▶ _Extracted entries_:
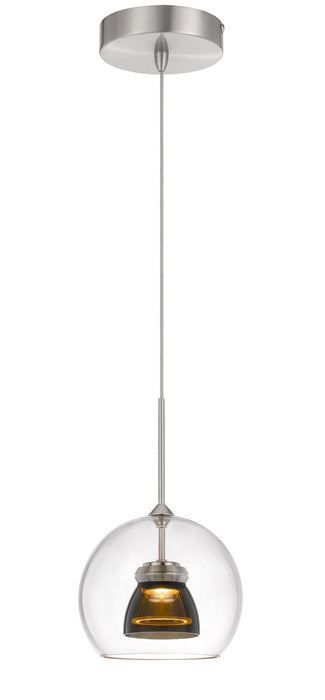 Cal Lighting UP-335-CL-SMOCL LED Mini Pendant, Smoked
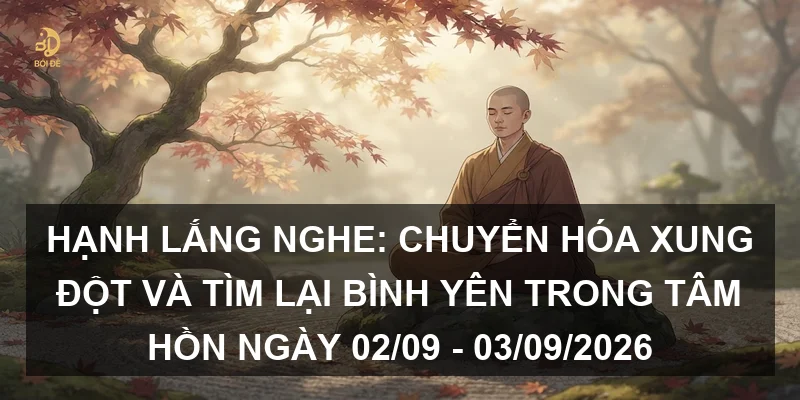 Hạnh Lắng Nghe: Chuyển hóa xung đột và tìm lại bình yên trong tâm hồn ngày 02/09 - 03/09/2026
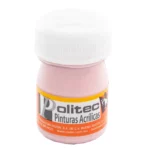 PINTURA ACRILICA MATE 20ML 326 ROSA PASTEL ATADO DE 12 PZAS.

...

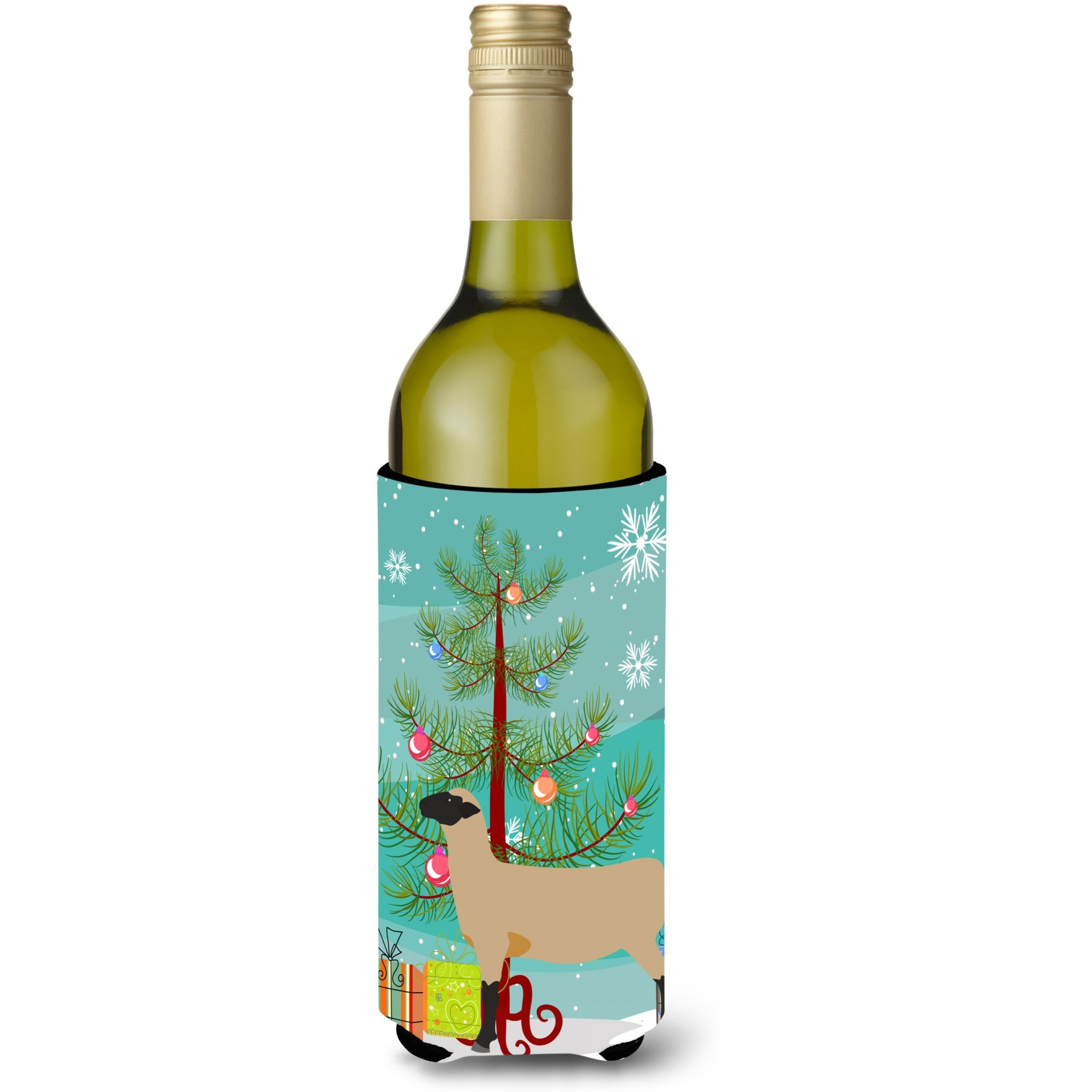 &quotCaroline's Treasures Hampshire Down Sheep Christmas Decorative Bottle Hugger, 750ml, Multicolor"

▶ _Task prompt_: Transcribe exactly the lines above, beginning at the one with "Cal Lighting UP-335-CL-SMOCL" and going up to and including the one with "PINTURA ACRILICA MATE". Pictures do not belong in the copy.

▶ _Output_:
 Cal Lighting UP-335-CL-SMOCL LED Mini Pendant, Smoked
 Hạnh Lắng Nghe: Chuyển hóa xung đột và tìm lại bình yên trong tâm hồn ngày 02/09 - 03/09/2026
 PINTURA ACRILICA MATE 20ML 326 ROSA PASTEL ATADO DE 12 PZAS.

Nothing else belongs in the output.